Далее, развивая свою аргументацию и обнаруживая среди митрополичьих бояр, кроме Андрея и Родиона, еще и «Акинфа Ослебятева», упоминаемого летописью уже под 1425 г.[224] (судя по всему, этот же Акинф находился в окружении митрополита в 1391 г., поскольку отмечен в качестве одного из главных действующих лиц в Уставной грамоте Владимирскому Царевоконстантиновскому монастырю[225]), В. А. Кучкин предположил, что «вообще род Ослябей/Ослебятевых служил русским митрополитам»[226], упустив из виду, что во всех источниках, упоминающих о прошлом Андрея Ослеби, он указан в качестве «боярина любутского», т. е. выходца из Литвы. Более того. Ссылка историка на один из пунктов Уставной договорной грамоты Василия Дмитриевича и митрополита Киприана, датируемой 28.6.1392 г. или 28.6.1404 г., согласно которому в случае войны «митрополичимъ бояром и слугамъ» надлежит выступать «под митрополичимъ воеводою, а под стягом моимъ»[227] (т. е. княжеским), якобы объясняющая появление Ослеби на Куликовом поле в составе «митрополичьей дружины»[228] (которой нет в росписи полков), не может в данном случае служить доказательством правильности определения в меновом акте Андрея Ослебяти «чернецом». И не потому только, что обязанности бояр митрополичьих участвовать в военных действиях исключают присутствие среди них «чернецов», но потому, что «чин чернеческий» несовместен как с «саном боярским», так и вообще с каким-либо саном. Что же до грамоты 1483 г., то присутствие в ней определения Андрея Ослеби «чернецом» поддается объяснению.

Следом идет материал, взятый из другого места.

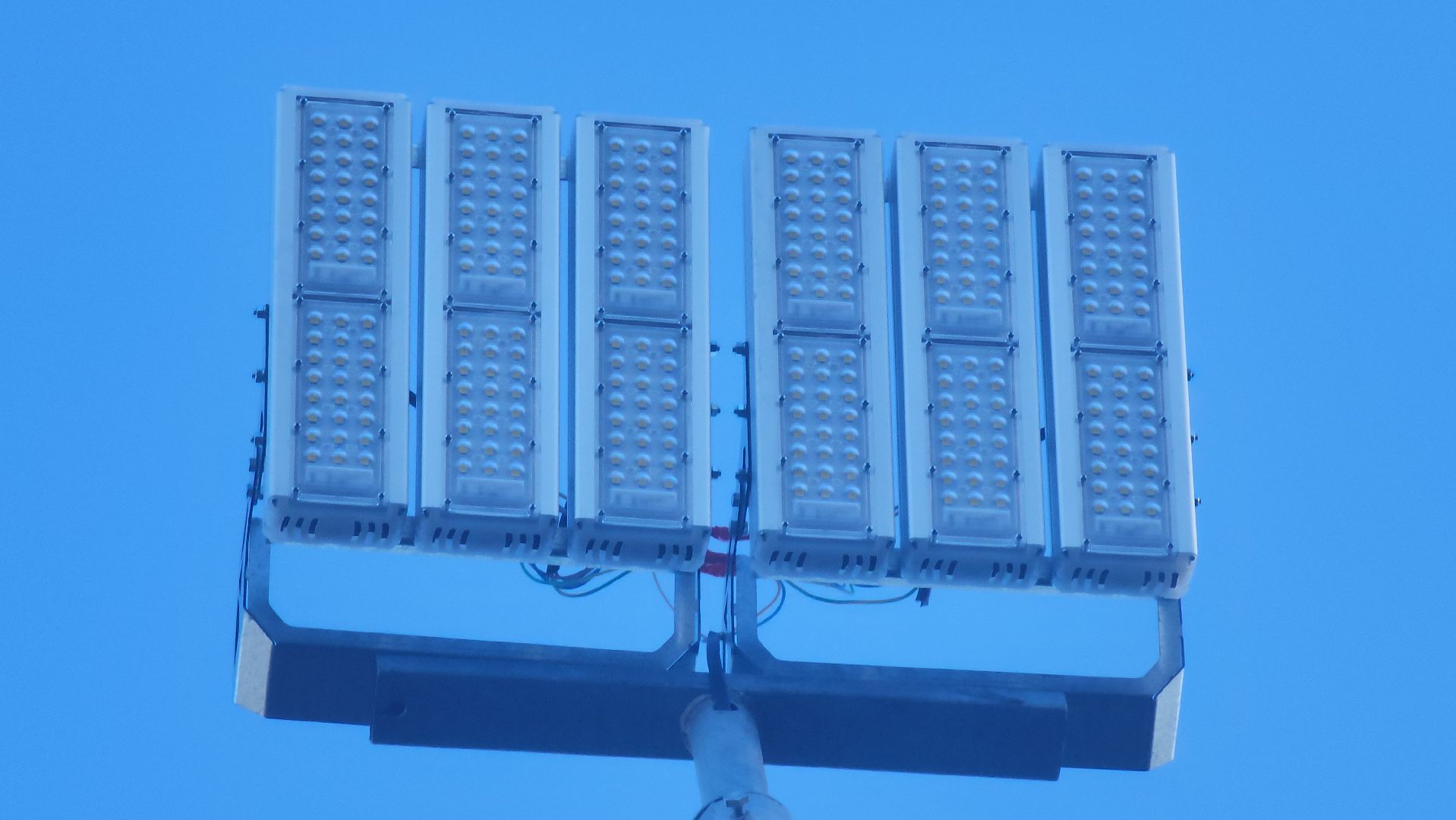 щёлково, спортивная площадка, маврино, Спортивная площадка в деревне,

Как я сказал, Ослебю не знают ни Краткая, ни Пространная летописная повести. Впервые, но без имени, он появляется в Кирилло-Белозерском списке «Задонщины», который датируется по филиграням на бумаге от 1470 до 1480 г.[229], участвуя в сражении вместе со своим сыном Яковом. Указание Пересвета и Ослеби без крестильных имен сохраняется во всех без исключения списках «Задонщины», в то время как в летописной повести Александр Пересвет представлен с полным именем. Собственное имя Ослеби — «Андрей» — впервые возникает только в «Сказании о Мамаевом побоище», появившемся не ранее первой четверти XVI в., с чем согласен и сам историк[230], т. е. оно заимствовано из летописи или, что даже вероятнее, из цитированной уже «меновой». Как известно, грамота 1.3.1483 г., заменившая подлинник конца XIV в., в свою очередь дошла до нас не в подлиннике, а в составе копийной книги актов на земельные владения московского Митрополичьего Дома, составленной не ранее второй четверти XVI в.[231] Любопытно, что в середине прошлого века была известна другая ее копия, тоже восходящая к концу XV в., опубликованная М. А. Коркуновым, где точно так же указывалось, что митрополит Киприан «менил <…> своими бояры: чернпомъ Андреемъ Ослебятемъ, Дмитриемъ Офинеевичемъ» и т. д.[232]